◆ **PROVIDED ENTRIES**
****************

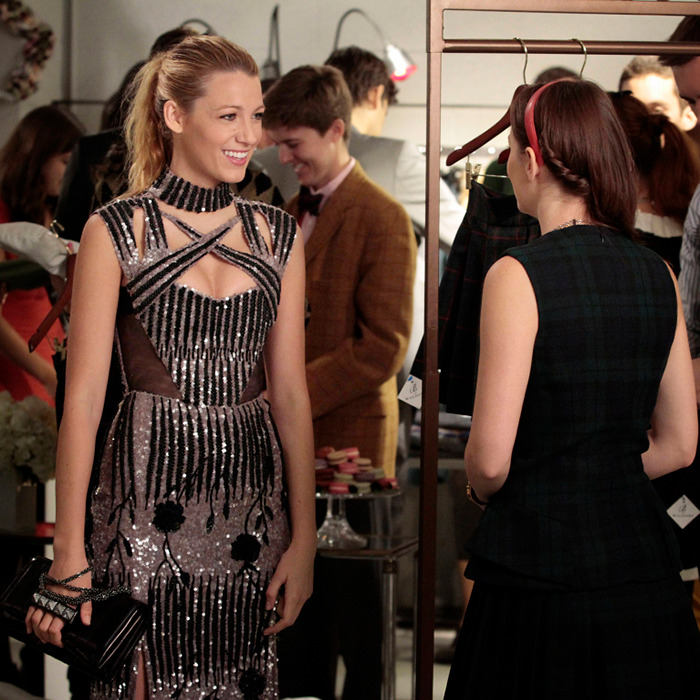 Two women engaged in conversation at a social event, one wearing a sparkling dress.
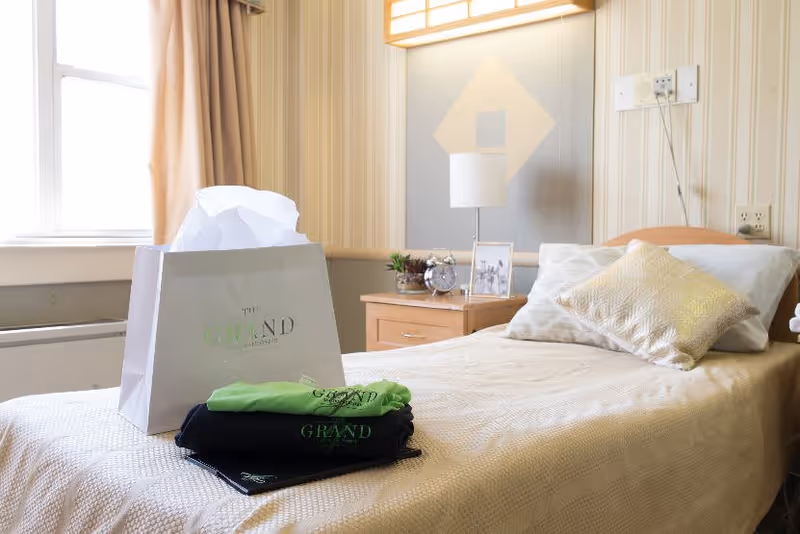A neatly made single bed in a room with beige and white striped wallpaper. On the bed are a white gift bag with tissue paper and folded clothing items with 'The Grand Rehabilitation And Nursing At Queens' logo. Next to the bed is a wooden nightstand with a lamp, a small plant, a clock, and a framed photo. A window with beige curtains is visible on the left side.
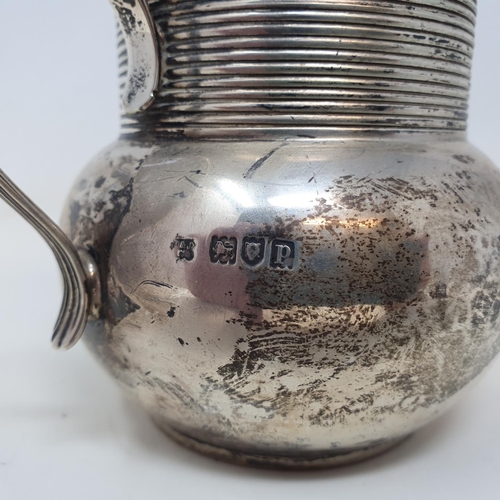 565 - A silver jug, with a reeded border, London 1910, 6.9 ozt, 8.5 cm high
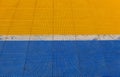 Blue and yellow rubber flooring on Futsal field background Royalty Free Stock Photo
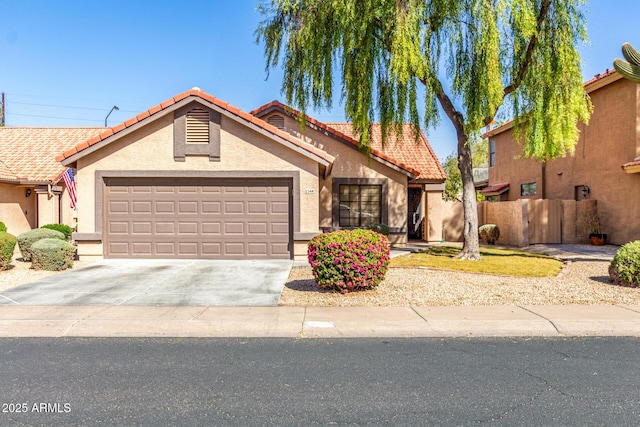 view of front of house featuring a tile roof, stucco siding, an attached garage, fence, and driveway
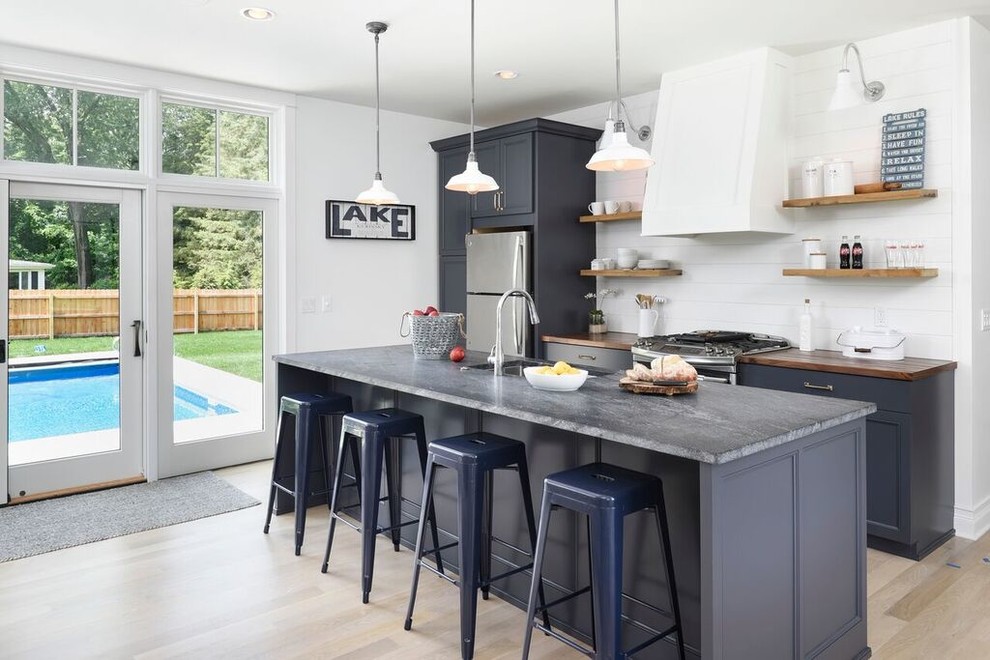 Beach style kitchen in Chicago with an undermount sink, open cabinets, medium wood cabinets, stainless steel appliances, light hardwood floors and with island.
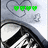 A static image shows a metallic object with a heart outline and green text or symbols above it.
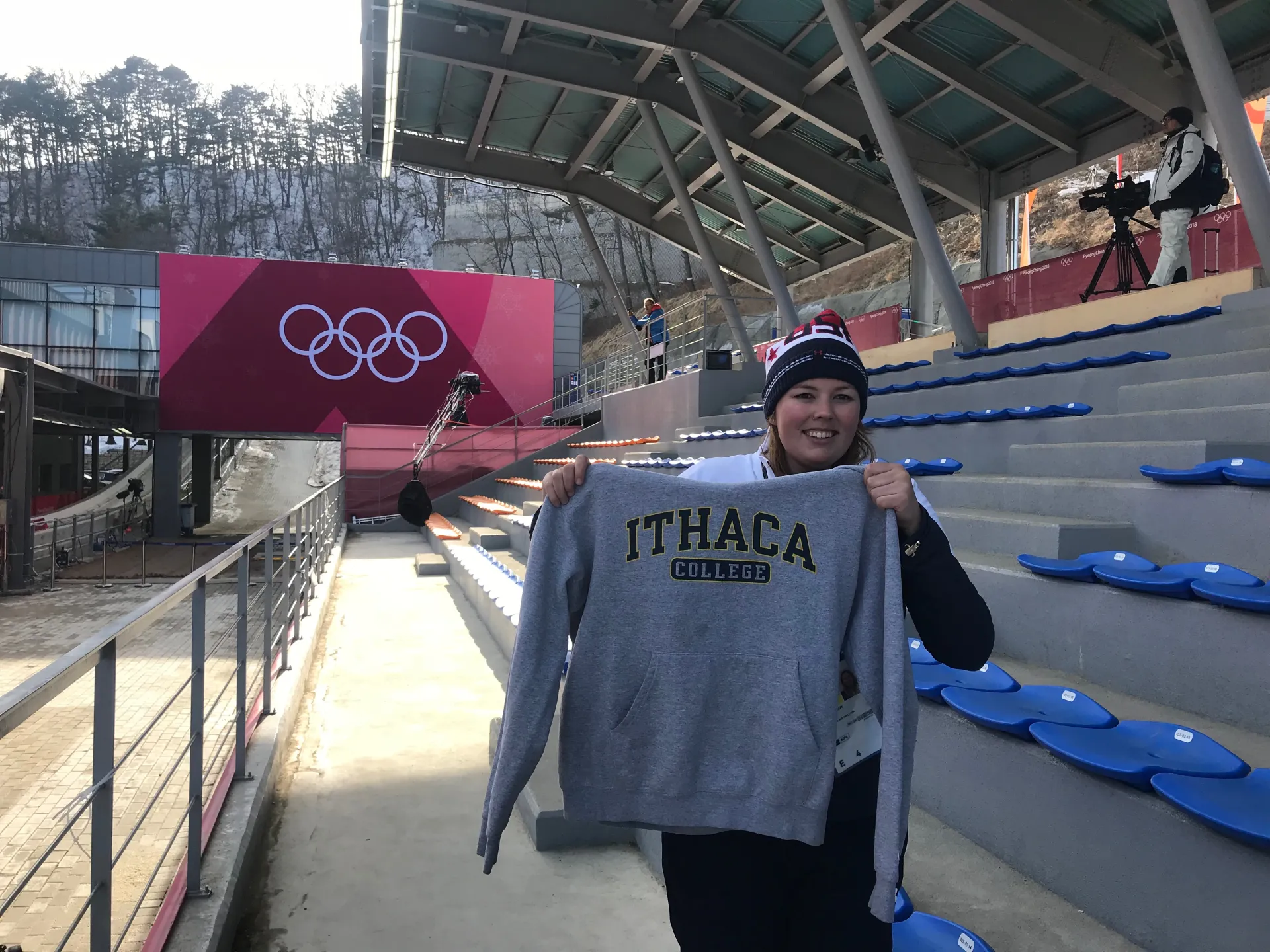 Kristen Gowdy shows her nba买球正规官方网站 sweatshirt at the PyeongChang Olympics.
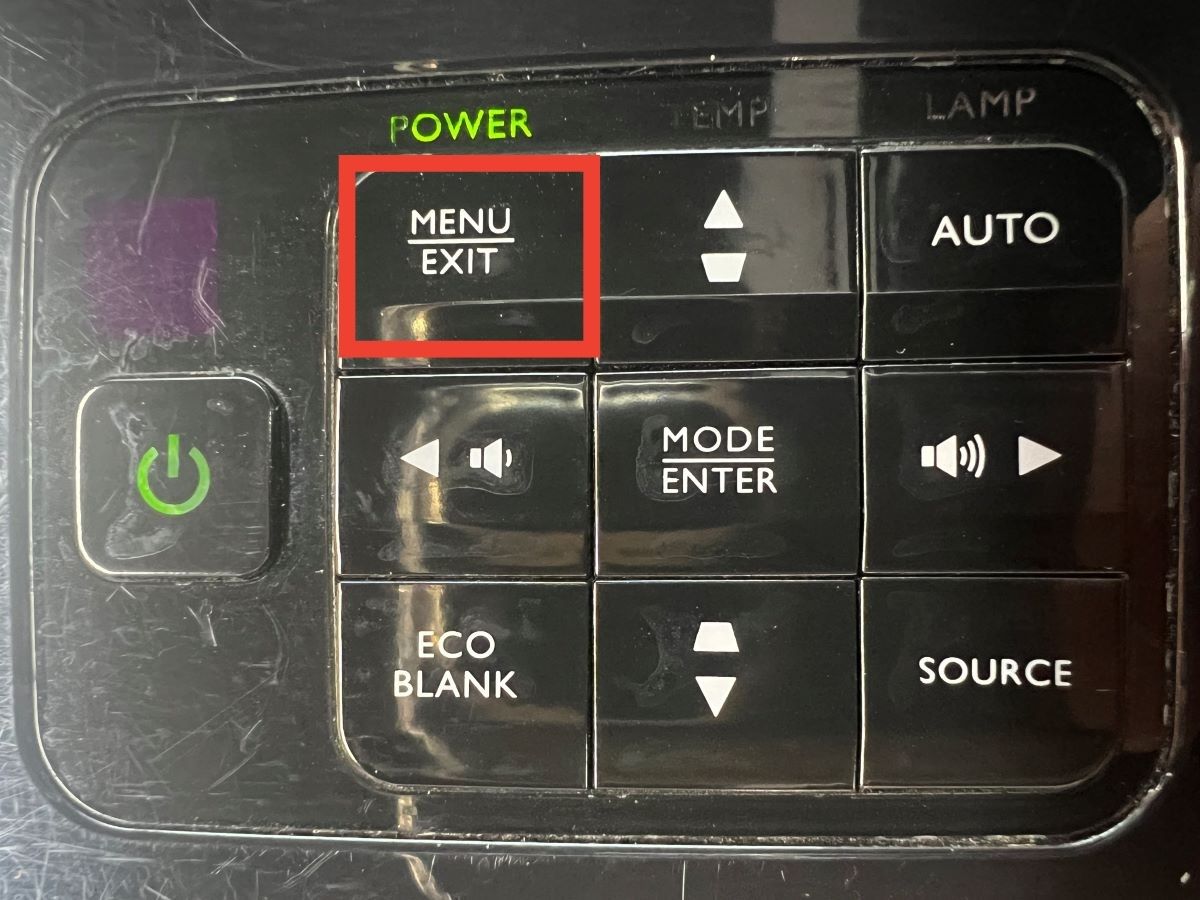 The menu home button from the control panel on BenQ projector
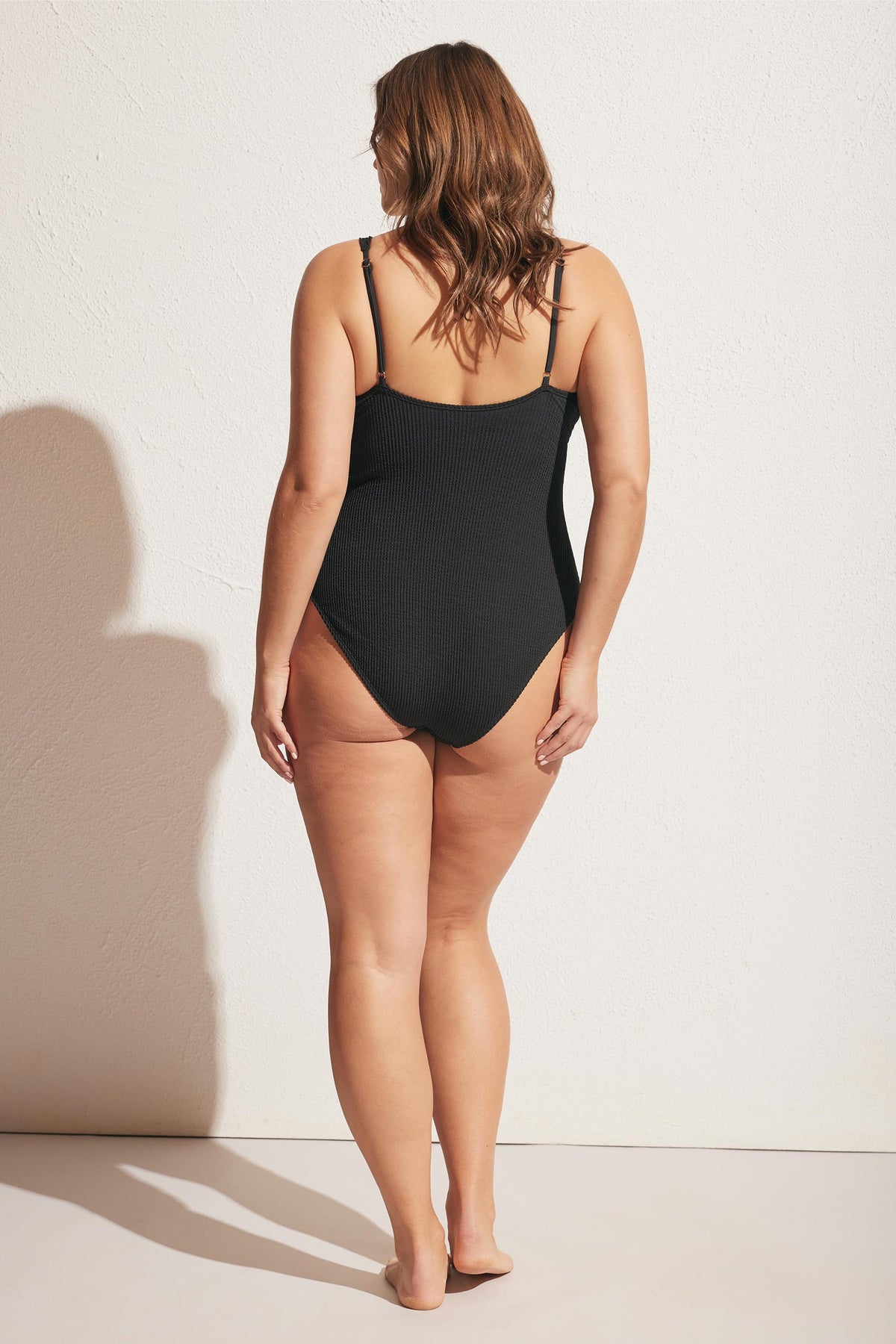 Woman wearing a black ribbed one-piece with adjustable shoulder straps, shown from the back against a light wall.
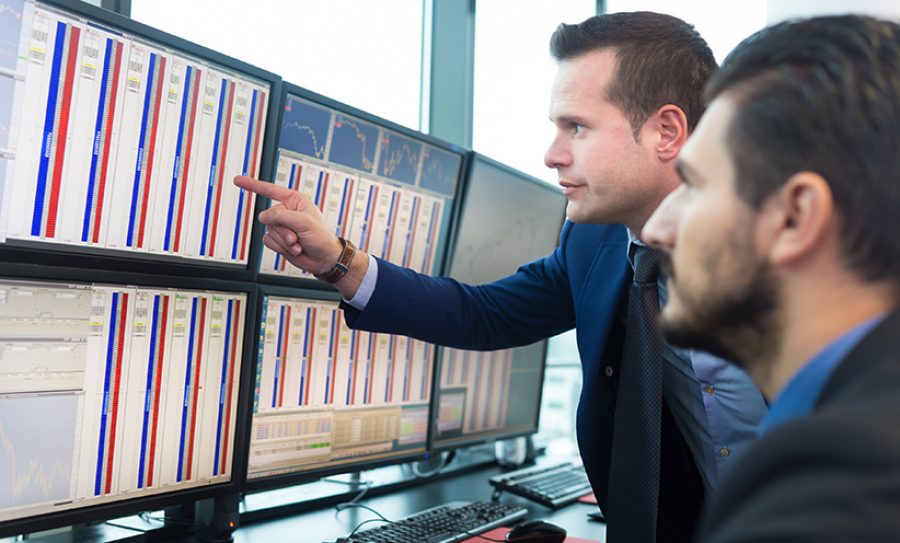 Stock traders looking at computer screens.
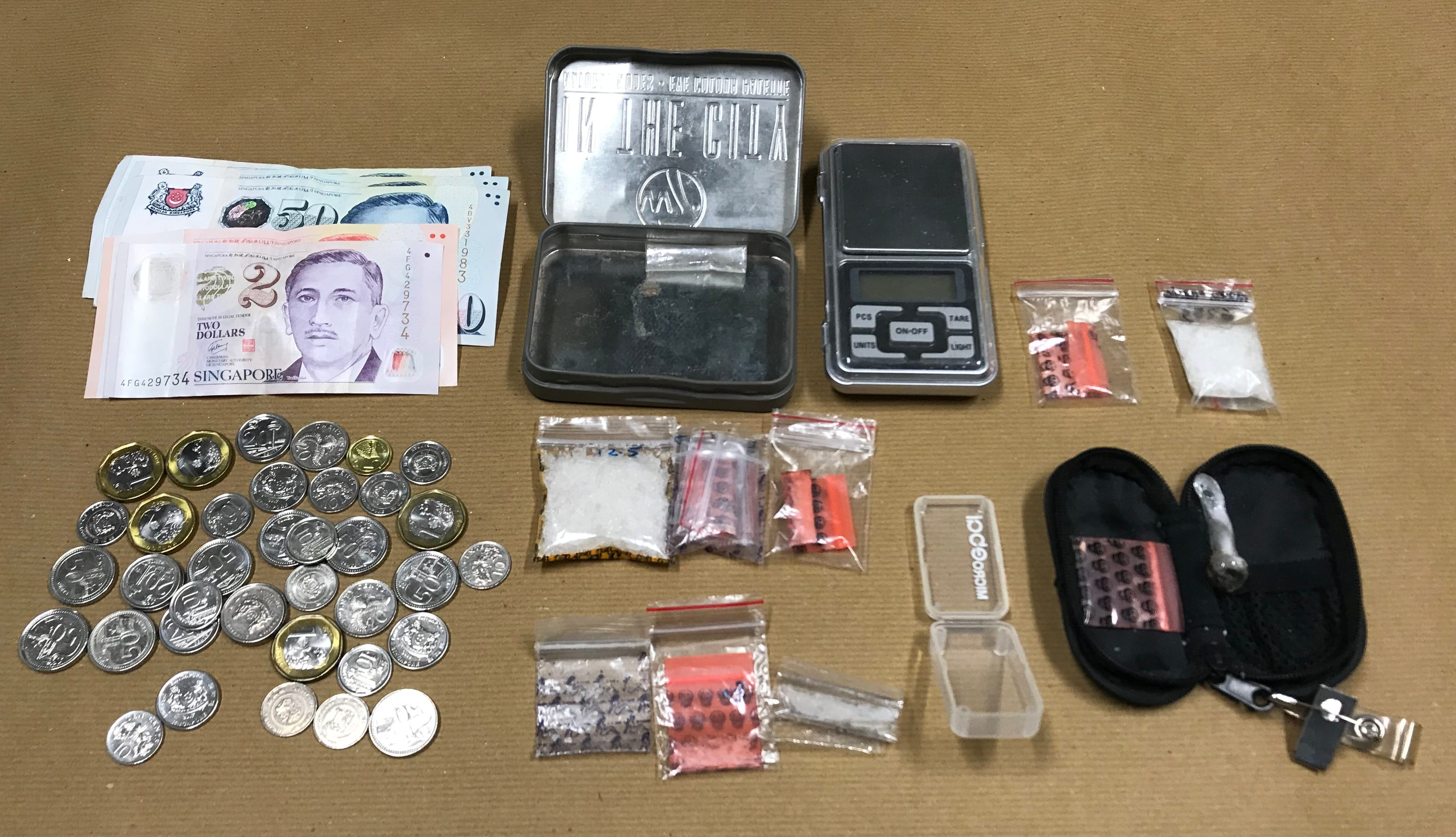 Singapore money, coins, digital scale, small baggies with pills and powder, a pipe, and a metal container.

****************

◆ **YOUR INSTRUCTIONS**
Reproduce the records word for word, please, from their first line up to and including the line that contains "Blue and yellow", but no pictures.

◆ **SOLUTION FOR THIS EXERCISE**
 Two women engaged in conversation at a social event, one wearing a sparkling dress.
A neatly made single bed in a room with beige and white striped wallpaper. On the bed are a white gift bag with tissue paper and folded clothing items with 'The Grand Rehabilitation And Nursing At Queens' logo. Next to the bed is a wooden nightstand with a lamp, a small plant, a clock, and a framed photo. A window with beige curtains is visible on the left side.
 565 - A silver jug, with a reeded border, London 1910, 6.9 ozt, 8.5 cm high
 Blue and yellow rubber flooring on Futsal field background Royalty Free Stock Photo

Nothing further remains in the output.